Monday, July 12, 2010

The 80's Project: Random Triple Bill

Part of the 80's Project

With t-minus five months until my self regulated end-of-year deadline for running through the films of 1980 and providing a Top Ten list, I am going to cut down on the few and far between longer reviews and instead focus on smaller capsule reviews with multiple titles discussed. I will try and make these capsules somewhat thematic...starting, next time. So here I present quick reviews of three films that have two shared commonalties: 1.) They were released in 1980 and 2.) I watched them recently.

Recently passed away filmmaker Ronald Neame (Gambit, The Poseidon Adventure) directs this espionage comedy with a light touch and fast, breezy pace. Walter Mathau plays Miles Kendig, a veteran CIA agent who is reassigned to a desk position by his Richard Nixon loving boss Myerson (Ned Beatty), rather than gracefully ease toward retirement, Kendig decides to publish his memoirs instead, tantalizing both the CIA and their enemies with proofs of the chapter as he finishes them. Myerson and Kendig's replacement, Cutter (Sam Waterson), try to find and stop Kendig before he reveals all of the company's secrets, but they are outwitted at each step by their most decorated, and crafty, agent.

The Coen brothers must be fans of Neame, as for a long while they were attached to direct a remake of his twisty caper film Gambit and they used the ex-CIA agent writing his memoirs plot in John Malkovich's storyline in Burn After Reading. Neame and writer Brian Garfield (who wrote the novel the Death Wish series were based on) could have used the Coen's more wicked pen since it would have been more dramatically interesting and ripe for comedy if there was some doubt as to Matthau's sanity, or even, patriotism.
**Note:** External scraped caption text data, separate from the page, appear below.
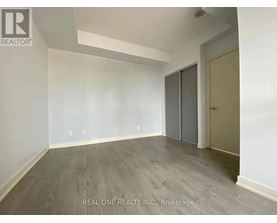 A room with a grey floor and a white wall with a door on the right side.
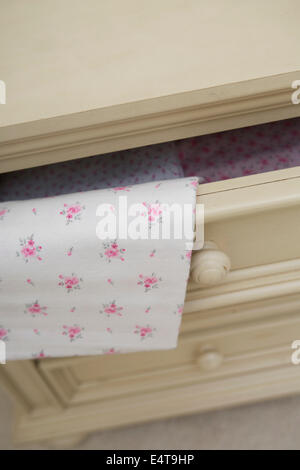 Baby Blanket draped over Open Dresser Drawer in Nursery Stock Photo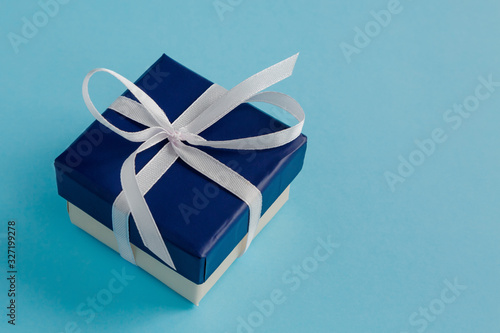 Gift box with a white ribbon and a bow on a blue background. Selective focus.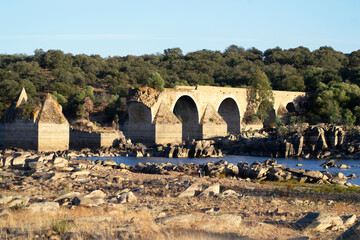 Stone river bank with a collapsed old bridge
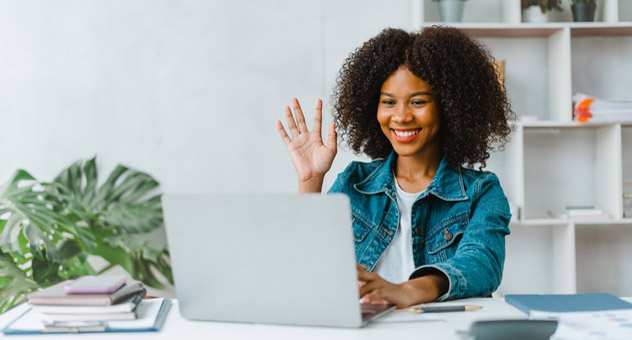 A woman smiling and waving to her laptop screen.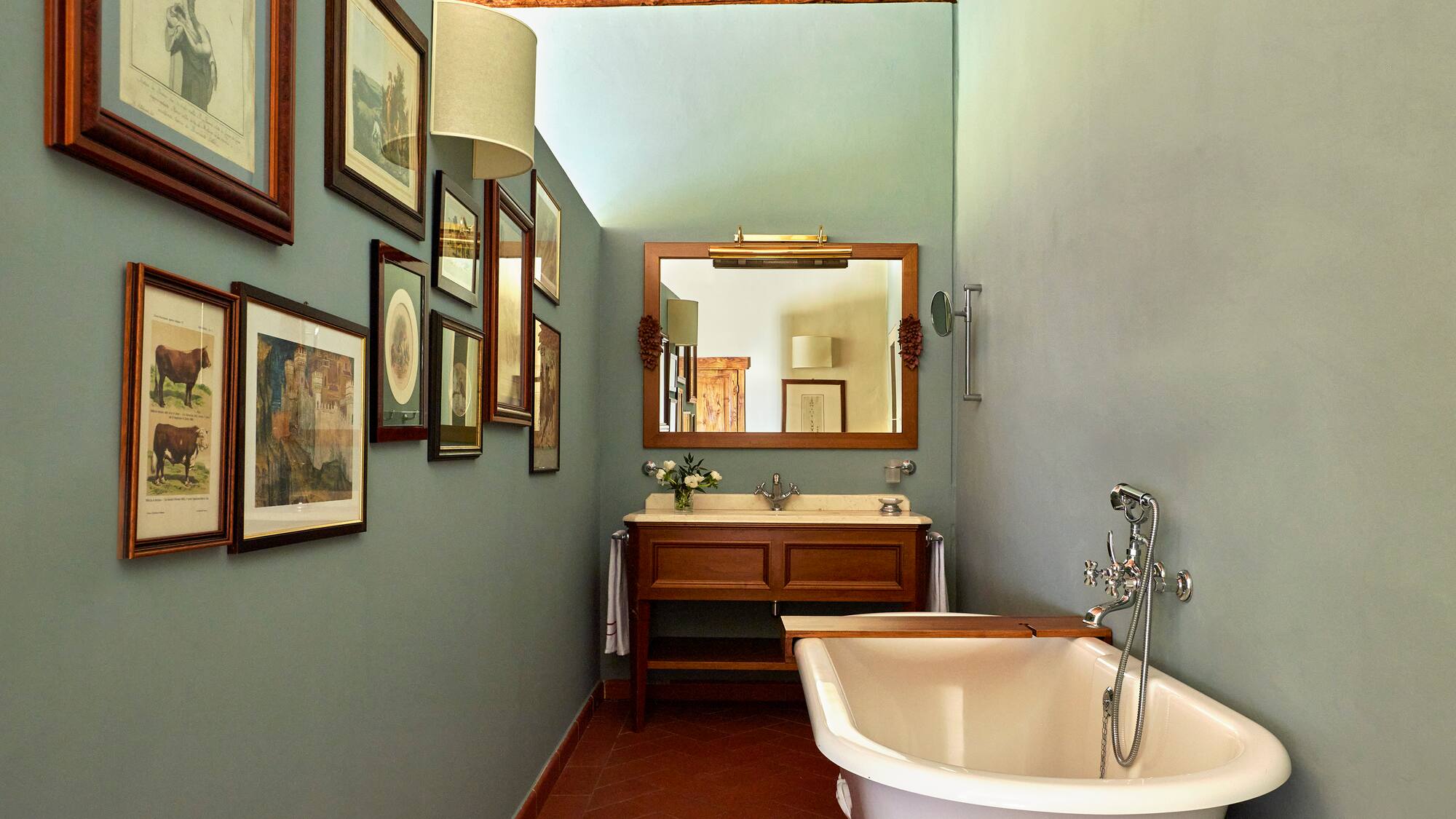 a bathroom with a tub and sink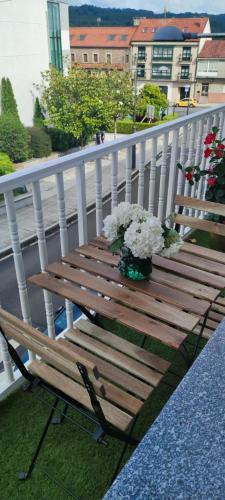 a wooden bench sitting on a balcony with flowers at Pensión Lobre in O Pedrouzo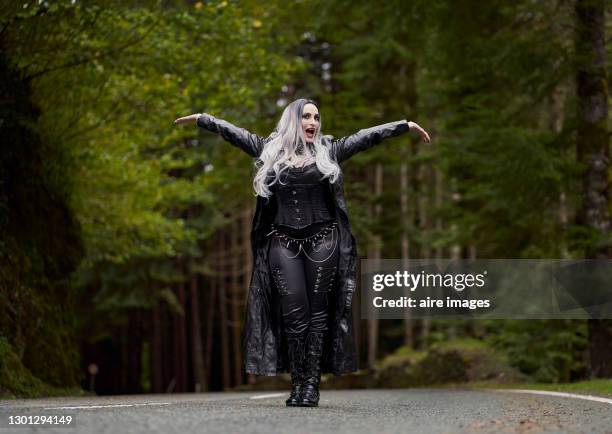 woman in vampire costume outdoors. - crazy holiday models stock-fotos und bilder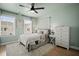 Cozy bedroom with a comfortable queen-size bed and soft, natural light at 1914 Carovel Way, Kennesaw, GA 30144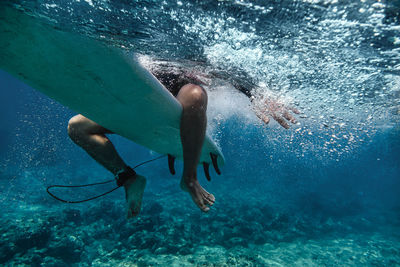 Male surfer sitting on surfboard while surfing in sea at maldives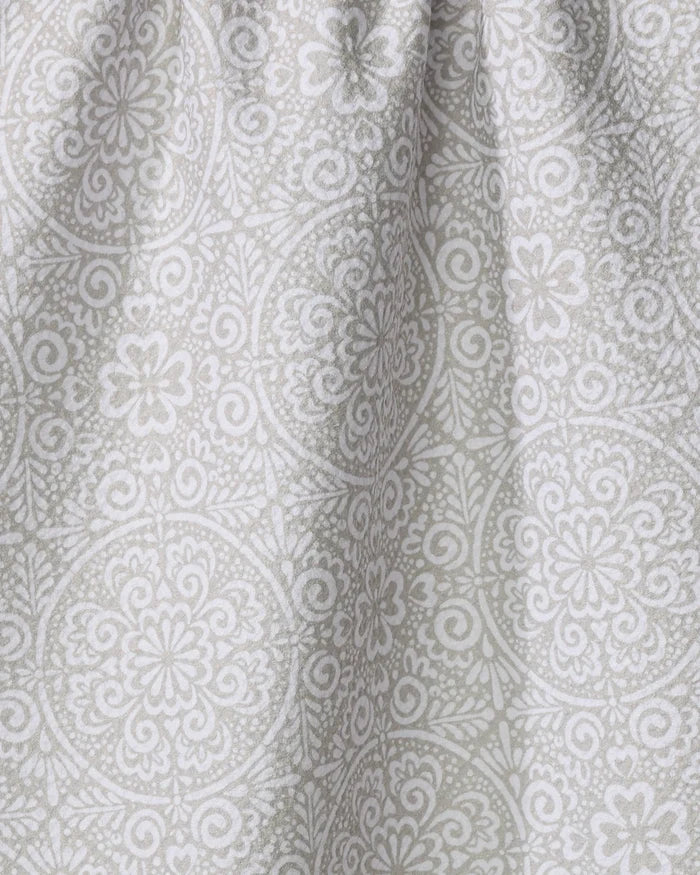Close-up of the Kris Ruff Boho Medallion dish towel, crafted from absorbent light gray fabric and adorned with a detailed white floral and geometric mandala pattern. Soft texture and gentle folds add subtle shadows to the surface.
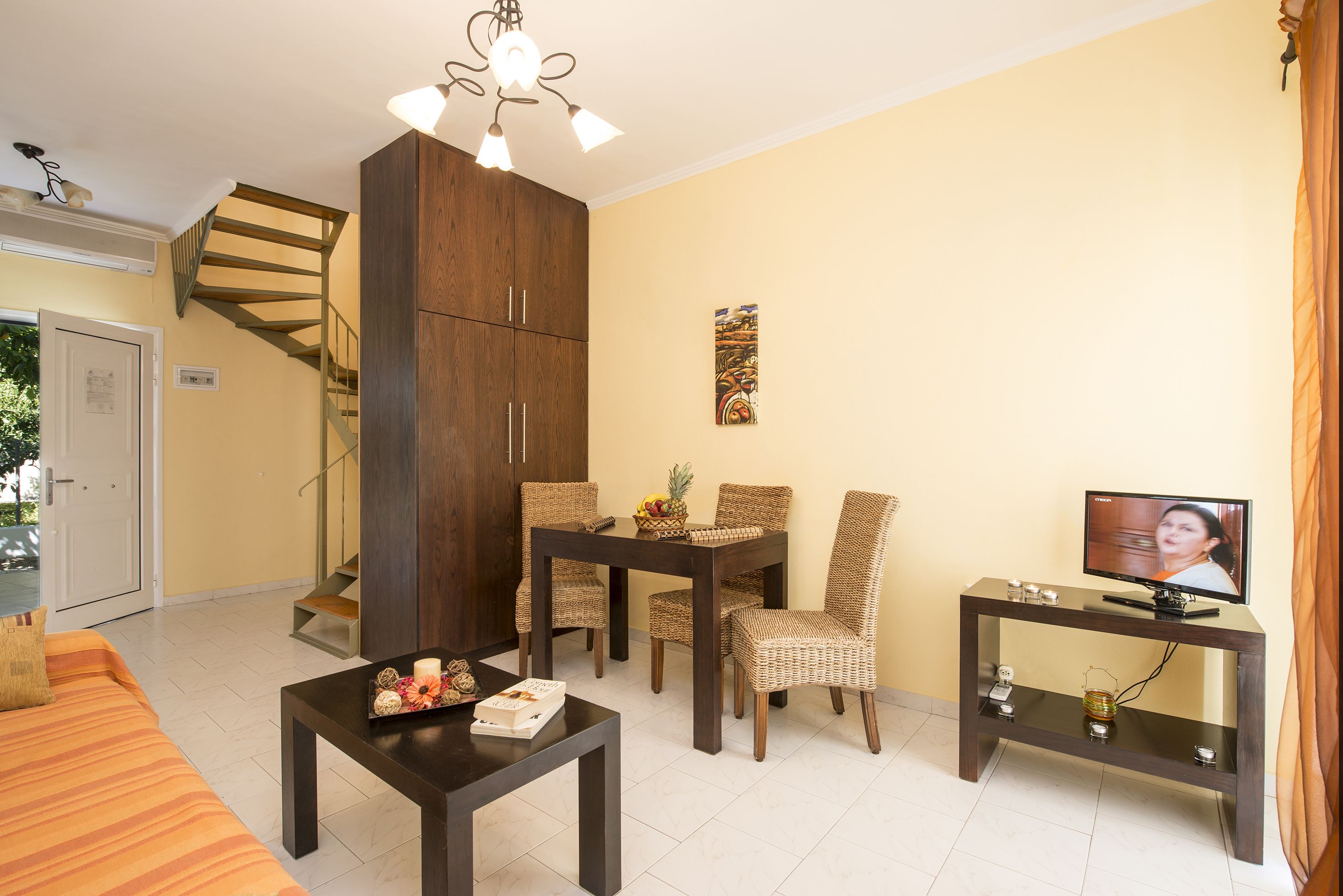 Un salon comprenant un canapé, une table à manger avec des chaises, un téléviseur posé sur un meuble, un escalier et une grande armoire en bois.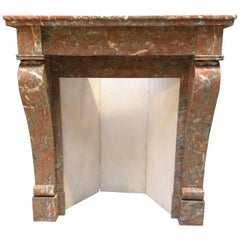 Small and Lovely Antique Fireplace in Soft Colors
Matthau's role calls to mind his titular character Charley Varrick, though less brutal, and Beatty's incompetent but blindly loyal company stooge calls to mind a devotee to the network president he cameod in Network.

Mon Oncle d'Amerique
Director Alain Resnais (Hiroshima, Mon Amour, Last Year at Marienbad) is thematically interested in no less than the entirety of the human condition in his film based on the writings of philosopher Henri Laborit (who narrates and often appears in Mon Oncle…). The film opens with a thirty minute formal frenzy introducing us to the three main characters (played by Roger Pierre, Nicole Garcia, and Gerard Depardieu--one of many films he appeared in during the year, here's my review of Loulou and The Last Metro) from birth through childhood and teenage years ultimately concluding at the age where they are comfortably settled into their career and family life. It's a dizzyingly spectacle that uses the characters as literal rats in the cage (visually depicted as such from time to time) that adhere to Laborit's philosophical beliefs. It's an ambitious, heady and unique film, and honestly, once settled into a continuing storyline in Act Two, a little tedious and clinical. Still, I can see what drew Resnais to Laborit's philosophy since it serves as a metaphor for the act of filmmaking, as characters subscribe to notions and actions previously dictated by their creators based on pre-ordained factors.

The Idolmaker
Alain Resnais is a definite auteur, creating films unique and representative of his interests and obsessions; Ronald Neame, meanwhile, is a craftsman, his films don’t always use the same language or explore the same issues, but he imbues all his films with an easy touch and a sense of humor. Taylor Hackford though is neither. He’s a director for hire without a strong authorial voice. He’s capable of good work, but usually only when the script and talent he surrounds himself with is at a premium quality. He’s had some commercial successes (An Officer and a Gentleman, Against All Odds) and a critical success here or there (Ray). I held out hope for The Idolmaker because it contains the one aspect that appears to be a constant attraction to the director throughout his career, early rock n’roll. In addition to the Ray Charles biopic, he also directed the Chuck Berry documentary Hail Hail Rock N’ Roll, and produced La Bamba, the Richie Valens biopic. So The Idolmaker, a fictitious account of an independent songwriter (Ray Sharkey) in the early 60’s who creates a sensation with two attractive singers who through perseverance and training, become superstars on the teeny bopper bubble gum crooner circuit.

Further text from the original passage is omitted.